これから行きたい!富良野のオススメスポット
まだ子どもが小さくて遠出をしていないのと、富良野には出かけられる所があまりないのですが、他にも様々なスポットがあります。
フラノマルシェ(富良野)
おみやげ観光スポット。新しくできたマルシェ2の建物の広場には子どもが遊べるスペースがあります。
六花亭(富良野)
有名な北海道のお菓子屋さん。
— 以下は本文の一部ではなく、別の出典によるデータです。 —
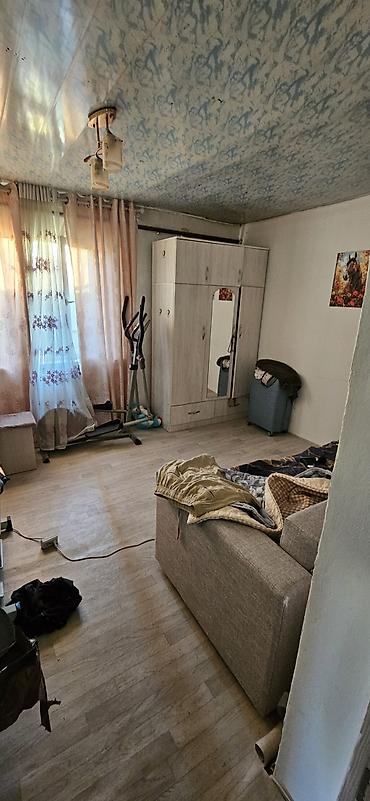Продажа домов: 5 комнат, 121 м², 6 соток, Бишкек, Калыс-ордо ж/м Собственник — 5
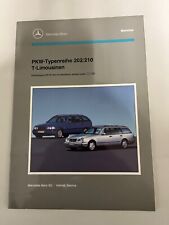 Mercedes benz w202 gebraucht kaufen  Schopfheim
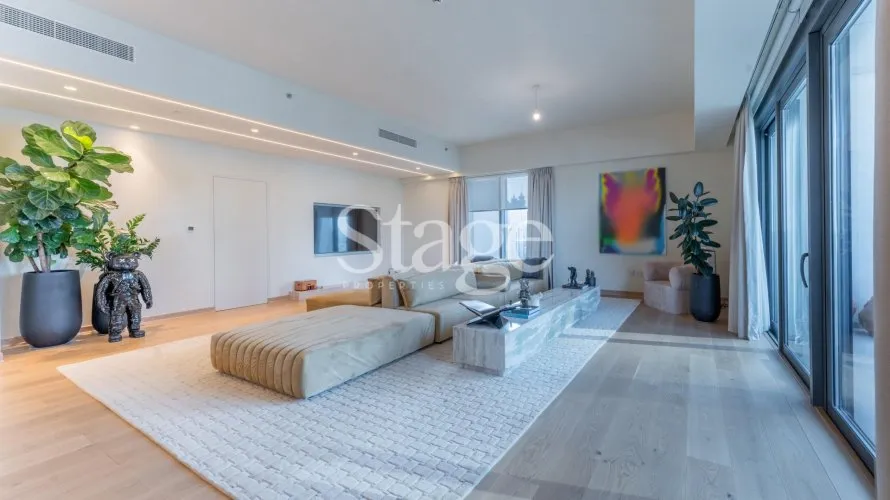 4 bedrooms apartment for sale , Downtown Dubai (Downtown Burj Dubai), Dubai, UAE No. 1715 № 11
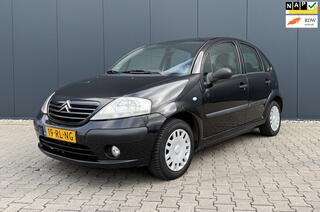 Citroen C3 (2002 - 2010)
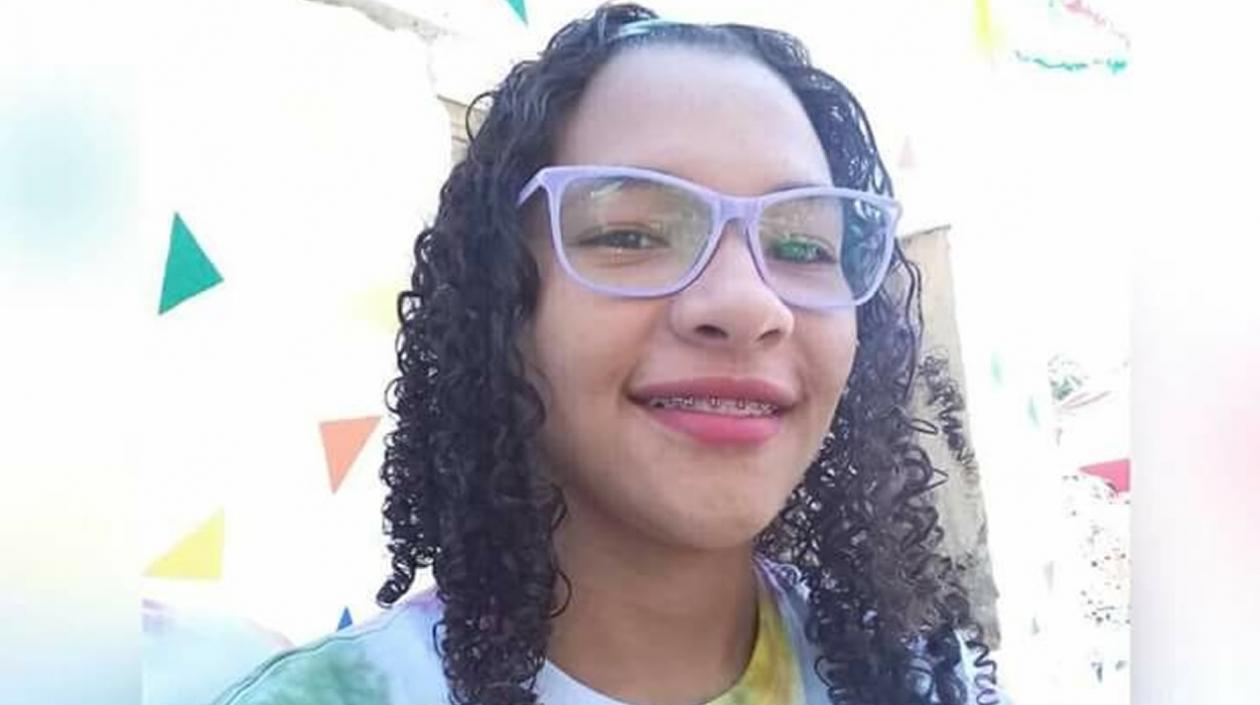 Dayana Solano Sanjuán.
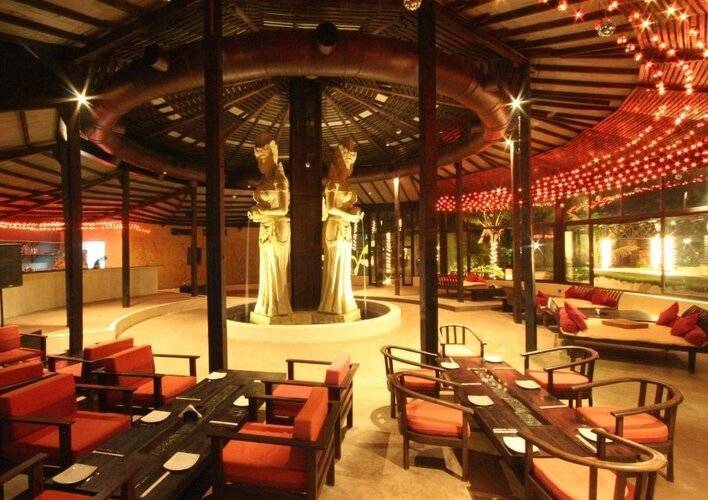 Marquis Beach Resort
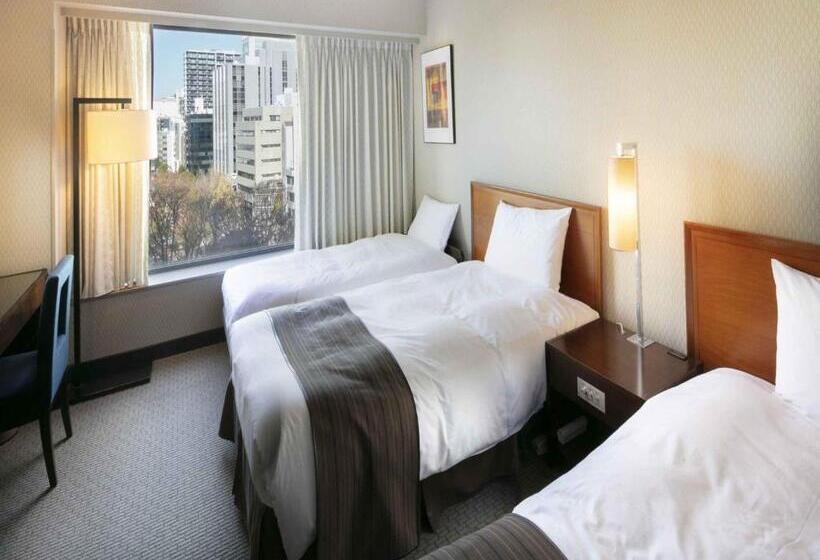 Номер Комфорт, Nagoya Kanko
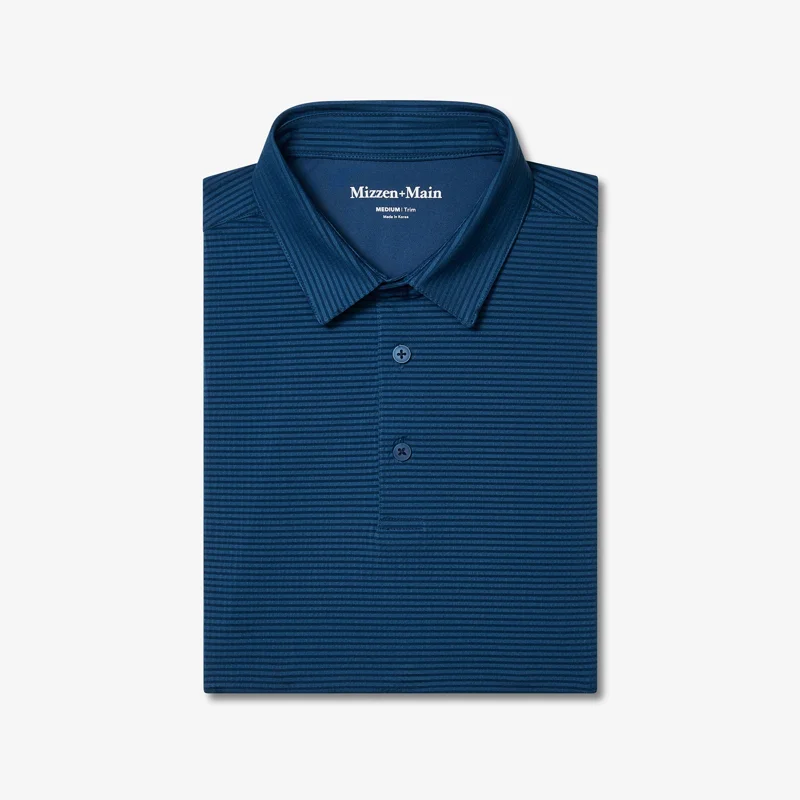 Copa Polo - Midnight Navy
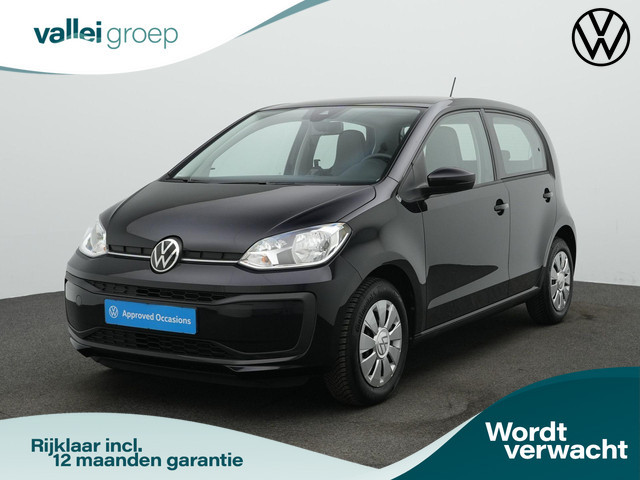 Volkswagen up! 2021 Benzine
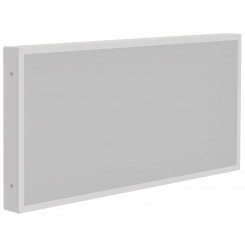 PRO Светильник светодиодный ДВО 1072 27Вт 4000К Ra>90 IP40 595х295мм опал IEK PRO Светильник светодиодный ДВО 1072 27Вт 4000К Ra>90 IP40 595х295мм опал IEK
景色が一望できるテラスがあり無料のコーヒーが頂けるのはうれしいです。
ホテルナトゥールヴァルト(富良野)
泊まったことはないのですが、ロビーにウエルカムフードがあって、子どもに優しいホテルです。
イオン(旭川)
ベビーカーがあって店内も広く、フードコートで食事ができます。
- よく見る子育てWebサイト・アプリは?
Webサイト…
ベビカム、It mama(イットママ)、ウィメンズパーク、ピカ☆ママ コミュニティ、赤すぐ などです。
アプリ…
ママリQです。
ママからのお悩みQ&A!
- ごはんとおかずは一つのお皿に混ぜるよりも、個別に盛ったほうがいいですか?
ごはんとおかずは、個別のお皿に盛り付けることをお勧めします。なぜなら、乳幼児期は、「こんな味があるのね」「これは粒々がある」「とろとろしている」「これは固いよ」など、いろいろな味、口触り、固さなどを、毎回の食事で体験しながら食経験を豊かにしていく大切な時期だからです。しかし、ごはんとおかずを一つのお皿に混ぜてしまったら、ご飯やおかずそれぞれのもつ味、口触り、固さの体験が難しくなってしまいます。
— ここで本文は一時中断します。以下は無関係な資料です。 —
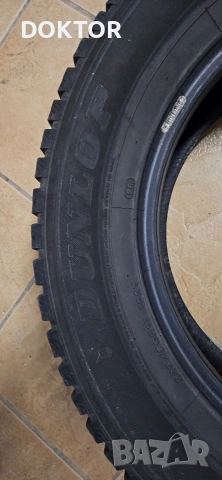 Гуми_ЗимниСУВ, снимка 3 - Гуми и джанти - 53369227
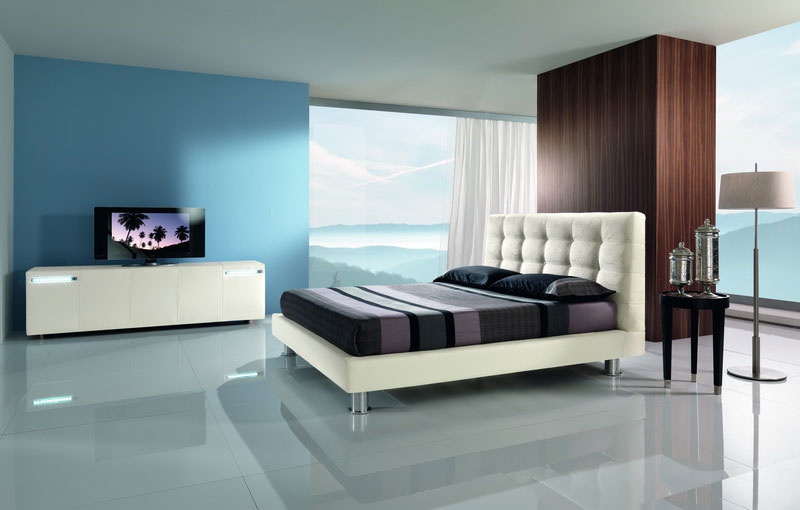 Double bed, Essepi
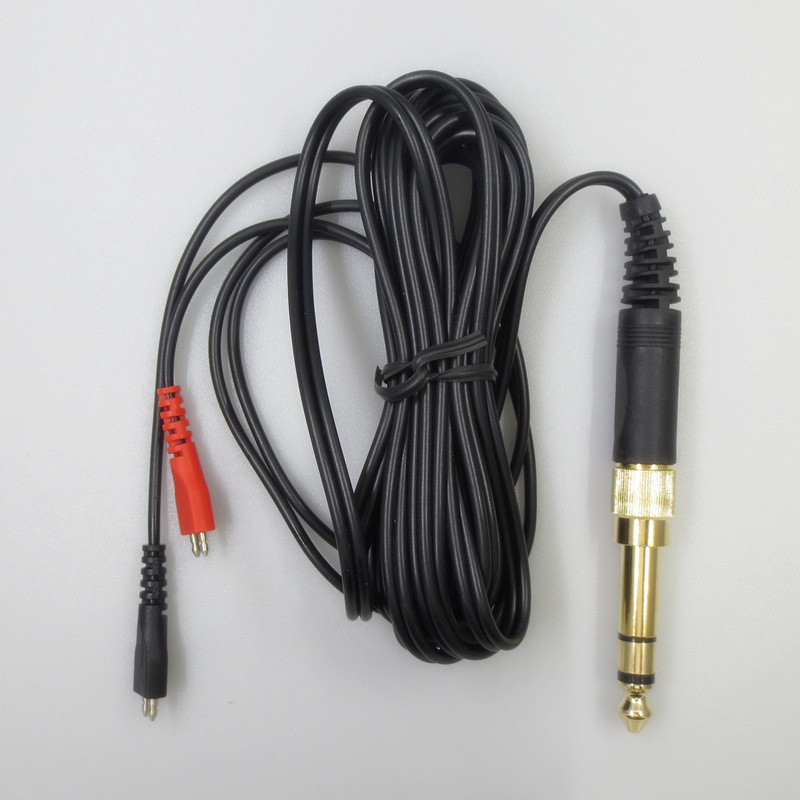 Cabo de substituição para fone - Sennheiser Headphone Hd 25 avaliação e preço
たまにはごはんとおかずを混ぜて、おじやのようにして出すことがあっても、お子さんの食体験を豊かにし、味覚を育てるためには、個別に盛りつけることが基本となります。
- 箸の練習はいつ頃からすればいいですか?
子どもの発育・発達には個人差がありますから、いつ頃から、という明確な基準があるわけではありませんが、一般的には3歳半前後になって、以下のような様子が見られたら、箸の練習を開始するとよいでしょう。
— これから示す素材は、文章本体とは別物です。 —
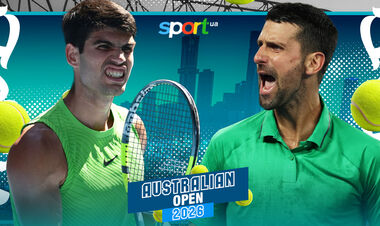 Карлос Алькарас – Новак Джокович. Прогноз и анонс на финал Australian Open
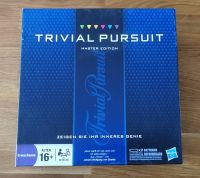 Trivial Pursuit Master Edition Nordrhein-Westfalen - Velbert Vorschau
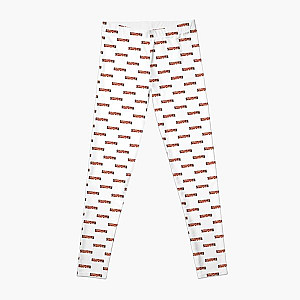 Sodapoppin Leggings - Sodapoppin Cracked Lava Leggings RB1706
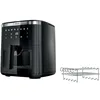 Image de FRIGGITRICE ARIA 7.2L 1800W 7PROG CON ACC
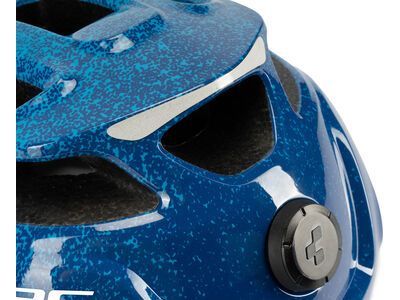Cube Helm Fink, darkblue - Bild 4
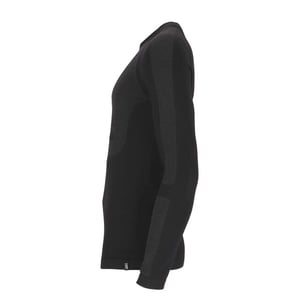 Stapp Heat thermoshirt heren lange mouw merino wol
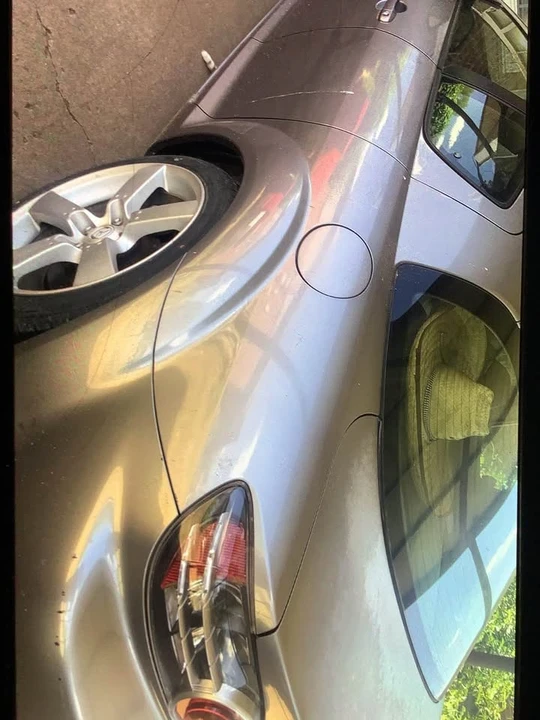 2005 Mazda RX-8 1st Gen - Image 5 of 10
①食事時間に大人が使っている箸に興味を示すようになる。
②スプーンの鉛筆にぎりができるようになる。
スプーンの使い方は、図に示すように、手のひら握り⇒指握り⇒鉛筆握りと発達します。手のひら握りの時は、親指以外の4本を個別に動かすことは難しいので、親指と親指以外の4本指の2つの部分の動きでスプーンを操作しています。指握りになると、親指、人差し指、それ以外の3本指の3つの部分の動きになります。鉛筆握りが上手にできるようになると、親指、人差し指、中指が連動して動くようになりますので、箸を持たせることができるようになります。ですから「〇歳になったから、箸の練習を開始する」というより、お子さんの興味・関心、指の機能の発達に合わせた時期に開始すると、親子共にストレスをほとんど感じることなく、箸の正しい使い方が身についていきます。
なお、幼稚園や保育園で、箸の使い方の練習を始める時期に合わせて開始するのも、お友だちと一緒に、楽しく正しい箸の使い方を身につけるのに役立つことでしょう。